En cuestión de minutos, un río puede dejar de ser un río y convertirse en una muralla de agua, lodo y rocas que arrasa con todo lo que encuentra. Eso es exactamente lo que ocurrió en Nepal, cerca de la frontera con el Tíbet: un sismo desencadenó un deslizamiento masivo que bloqueó temporalmente el cauce de un río, el agua se acumuló y, cuando la barrera cedió, descendió con una violencia que arrasó viviendas, carreteras y puentes. Las cifras de víctimas y desaparecidos siguen actualizándose mientras los equipos de rescate trabajan en la zona.

No es un accidente aislado. Es la expresión más brutal de por qué el Himalaya concentra, como pocas regiones en el mundo, todos los factores que pueden convertir un evento geológico en una catástrofe humana.

El Himalaya es una de las cordilleras más jóvenes y activas del planeta. Su formación continúa: las placas tectónicas que lo generaron siguen en movimiento, lo que lo convierte en una zona de alta actividad sísmica. Un sismo que en otra región pasaría casi desapercibido puede, en estas montañas, desestabilizar laderas cargadas de sedimento, nieve o hielo.

A eso se suma el factor climático. El calentamiento global está acelerando el deshielo de los glaciares himalayos, lo que genera los llamados lagos glaciales: cuerpos de agua retenidos por barreras de hielo o morrenas que, cuando ceden, liberan volúmenes enormes de agua en muy poco tiempo. Este fenómeno, conocido como Glacial Lake Outburst Flood (GLOF), es cada vez más frecuente en la región y representa una amenaza creciente para las comunidades que viven aguas abajo.

En el caso de esta riada, el mecanismo fue distinto —un deslizamiento sísmico bloqueó el río— pero el principio es el mismo: una barrera que se forma y colapsa de manera súbita, con consecuencias devastadoras.

Nepal: vulnerabilidad estructural, no solo geográfica

Nepal es uno de los países con mayor exposición a desastres naturales en Asia, y también uno de los que cuenta con menos recursos para responder a ellos.
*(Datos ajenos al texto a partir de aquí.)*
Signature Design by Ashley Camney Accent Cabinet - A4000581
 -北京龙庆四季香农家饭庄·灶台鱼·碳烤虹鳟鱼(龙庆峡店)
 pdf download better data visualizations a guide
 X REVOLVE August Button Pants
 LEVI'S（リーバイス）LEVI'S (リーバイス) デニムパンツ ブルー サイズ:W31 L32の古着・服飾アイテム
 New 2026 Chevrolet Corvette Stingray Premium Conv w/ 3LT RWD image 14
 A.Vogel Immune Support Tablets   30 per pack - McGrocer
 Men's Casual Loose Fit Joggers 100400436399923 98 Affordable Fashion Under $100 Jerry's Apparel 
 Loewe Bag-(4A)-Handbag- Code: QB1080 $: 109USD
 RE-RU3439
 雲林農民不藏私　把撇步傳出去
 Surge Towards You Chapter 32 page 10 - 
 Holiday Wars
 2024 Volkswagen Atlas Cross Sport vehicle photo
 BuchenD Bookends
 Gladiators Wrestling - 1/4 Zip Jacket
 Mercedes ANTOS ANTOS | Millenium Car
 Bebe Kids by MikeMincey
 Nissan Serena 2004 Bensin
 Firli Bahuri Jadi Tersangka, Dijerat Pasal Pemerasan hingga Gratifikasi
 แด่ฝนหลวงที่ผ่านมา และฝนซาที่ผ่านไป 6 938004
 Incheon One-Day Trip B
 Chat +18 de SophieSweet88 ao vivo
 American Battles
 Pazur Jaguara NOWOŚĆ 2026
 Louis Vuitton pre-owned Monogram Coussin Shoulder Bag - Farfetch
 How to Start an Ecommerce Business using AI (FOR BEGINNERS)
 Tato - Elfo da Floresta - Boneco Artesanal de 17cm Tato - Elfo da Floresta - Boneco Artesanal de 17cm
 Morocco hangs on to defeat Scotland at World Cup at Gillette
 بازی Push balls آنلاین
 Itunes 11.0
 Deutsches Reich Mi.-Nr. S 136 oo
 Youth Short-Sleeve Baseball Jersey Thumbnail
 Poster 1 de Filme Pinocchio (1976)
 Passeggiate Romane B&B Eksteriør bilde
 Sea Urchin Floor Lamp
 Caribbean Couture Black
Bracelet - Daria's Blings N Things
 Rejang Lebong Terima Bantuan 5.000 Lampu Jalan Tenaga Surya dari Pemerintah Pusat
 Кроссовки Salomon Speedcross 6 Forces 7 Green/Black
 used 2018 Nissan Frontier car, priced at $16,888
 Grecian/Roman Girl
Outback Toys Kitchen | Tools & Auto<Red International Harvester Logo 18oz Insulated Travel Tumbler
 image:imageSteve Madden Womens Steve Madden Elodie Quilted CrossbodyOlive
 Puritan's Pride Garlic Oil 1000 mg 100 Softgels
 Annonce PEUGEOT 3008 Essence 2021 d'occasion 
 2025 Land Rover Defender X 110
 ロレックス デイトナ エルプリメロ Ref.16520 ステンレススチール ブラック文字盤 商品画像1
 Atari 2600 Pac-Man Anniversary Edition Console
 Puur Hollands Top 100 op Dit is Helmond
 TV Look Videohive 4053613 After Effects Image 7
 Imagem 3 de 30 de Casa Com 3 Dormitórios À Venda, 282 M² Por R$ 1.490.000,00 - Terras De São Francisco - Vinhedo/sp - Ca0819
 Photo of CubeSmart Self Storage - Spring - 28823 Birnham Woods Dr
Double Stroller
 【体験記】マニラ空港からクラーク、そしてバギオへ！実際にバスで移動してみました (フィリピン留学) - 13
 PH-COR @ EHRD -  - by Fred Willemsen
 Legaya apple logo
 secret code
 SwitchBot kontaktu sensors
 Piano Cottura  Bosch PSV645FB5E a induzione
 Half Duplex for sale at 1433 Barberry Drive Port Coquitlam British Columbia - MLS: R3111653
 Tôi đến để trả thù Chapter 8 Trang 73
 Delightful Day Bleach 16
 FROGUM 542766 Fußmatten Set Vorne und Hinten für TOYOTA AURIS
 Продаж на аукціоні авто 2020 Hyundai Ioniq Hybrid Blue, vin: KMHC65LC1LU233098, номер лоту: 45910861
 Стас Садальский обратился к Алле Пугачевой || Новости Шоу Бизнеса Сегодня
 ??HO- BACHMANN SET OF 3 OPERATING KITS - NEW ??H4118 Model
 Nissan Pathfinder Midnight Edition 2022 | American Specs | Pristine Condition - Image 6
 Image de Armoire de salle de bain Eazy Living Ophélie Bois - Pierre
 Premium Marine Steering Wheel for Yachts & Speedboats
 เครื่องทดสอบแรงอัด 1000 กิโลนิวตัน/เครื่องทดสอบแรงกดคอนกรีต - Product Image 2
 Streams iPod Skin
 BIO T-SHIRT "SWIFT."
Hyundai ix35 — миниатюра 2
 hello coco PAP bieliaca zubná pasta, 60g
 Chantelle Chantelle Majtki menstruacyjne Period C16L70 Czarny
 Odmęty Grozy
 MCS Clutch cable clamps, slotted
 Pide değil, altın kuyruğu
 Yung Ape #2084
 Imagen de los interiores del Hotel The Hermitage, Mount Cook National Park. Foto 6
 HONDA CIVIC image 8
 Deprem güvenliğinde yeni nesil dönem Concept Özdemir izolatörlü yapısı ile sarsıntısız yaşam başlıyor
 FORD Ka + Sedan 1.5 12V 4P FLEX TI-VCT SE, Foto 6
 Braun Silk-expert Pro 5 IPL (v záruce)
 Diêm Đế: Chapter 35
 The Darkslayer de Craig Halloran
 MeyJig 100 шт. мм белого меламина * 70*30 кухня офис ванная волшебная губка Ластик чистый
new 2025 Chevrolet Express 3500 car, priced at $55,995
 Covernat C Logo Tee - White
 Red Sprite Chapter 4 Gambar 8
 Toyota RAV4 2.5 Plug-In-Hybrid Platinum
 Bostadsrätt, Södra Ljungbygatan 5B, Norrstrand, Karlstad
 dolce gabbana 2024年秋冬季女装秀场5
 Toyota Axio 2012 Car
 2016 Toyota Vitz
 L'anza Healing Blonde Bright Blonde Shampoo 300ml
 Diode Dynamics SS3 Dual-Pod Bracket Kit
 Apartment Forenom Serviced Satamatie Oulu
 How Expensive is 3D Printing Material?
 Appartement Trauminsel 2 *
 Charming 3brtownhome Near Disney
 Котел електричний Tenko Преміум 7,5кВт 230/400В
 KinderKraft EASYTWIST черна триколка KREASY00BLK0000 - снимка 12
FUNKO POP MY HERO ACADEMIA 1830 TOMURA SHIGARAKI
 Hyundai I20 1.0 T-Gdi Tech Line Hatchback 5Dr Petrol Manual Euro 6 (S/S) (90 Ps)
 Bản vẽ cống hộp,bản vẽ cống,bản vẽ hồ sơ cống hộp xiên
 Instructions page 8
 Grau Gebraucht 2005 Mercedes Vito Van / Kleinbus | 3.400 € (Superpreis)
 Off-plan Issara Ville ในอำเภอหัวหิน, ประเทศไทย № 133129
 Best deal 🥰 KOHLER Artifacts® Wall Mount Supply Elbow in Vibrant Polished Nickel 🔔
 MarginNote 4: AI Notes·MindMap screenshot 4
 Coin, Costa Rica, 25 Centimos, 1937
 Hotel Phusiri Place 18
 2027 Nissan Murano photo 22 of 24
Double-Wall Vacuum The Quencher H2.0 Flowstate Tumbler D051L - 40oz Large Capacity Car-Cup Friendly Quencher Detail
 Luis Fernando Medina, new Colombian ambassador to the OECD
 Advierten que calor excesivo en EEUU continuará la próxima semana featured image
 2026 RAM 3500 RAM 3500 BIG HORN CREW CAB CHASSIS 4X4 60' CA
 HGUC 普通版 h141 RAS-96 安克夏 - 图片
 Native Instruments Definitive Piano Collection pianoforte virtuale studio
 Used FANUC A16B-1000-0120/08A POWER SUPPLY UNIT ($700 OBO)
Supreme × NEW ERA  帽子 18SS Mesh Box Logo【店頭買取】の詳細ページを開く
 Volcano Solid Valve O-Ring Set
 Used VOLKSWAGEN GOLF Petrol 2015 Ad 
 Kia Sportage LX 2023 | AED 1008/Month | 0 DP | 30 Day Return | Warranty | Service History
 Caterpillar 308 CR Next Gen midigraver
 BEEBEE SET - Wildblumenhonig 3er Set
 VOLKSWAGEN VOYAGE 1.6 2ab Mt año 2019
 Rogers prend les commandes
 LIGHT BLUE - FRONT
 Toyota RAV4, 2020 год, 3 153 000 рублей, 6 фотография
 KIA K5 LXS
La combinación de pobreza, infraestructura limitada y una geografía extrema hace que cada evento de este tipo golpee de manera desproporcionada a las comunidades más alejadas, precisamente las que viven más cerca de ríos y laderas inestables.

Las zonas cercanas a la frontera con el Tíbet son especialmente remotas. Las carreteras que las conectan con el resto del país suelen ser las primeras en quedar inutilizadas durante una emergencia, lo que complica los rescates y el acceso a ayuda humanitaria.

Los modelos climáticos proyectan que los eventos de precipitación extrema en el Himalaya serán más intensos y frecuentes a medida que avance el siglo. Eso, combinado con el retroceso glacial y la inestabilidad de las laderas, sugiere que episodios como el de Nepal no son anomalías: son señales de una tendencia.

La respuesta no puede limitarse a la emergencia inmediata. Requiere sistemas de alerta temprana que lleguen a comunidades remotas, cartografía actualizada de lagos glaciales en riesgo, y una conversación global sobre quién financia la adaptación climática en los países que menos han contribuido al problema y más lo padecen.

Nepal no generó la crisis climática. Pero la está pagando con vidas.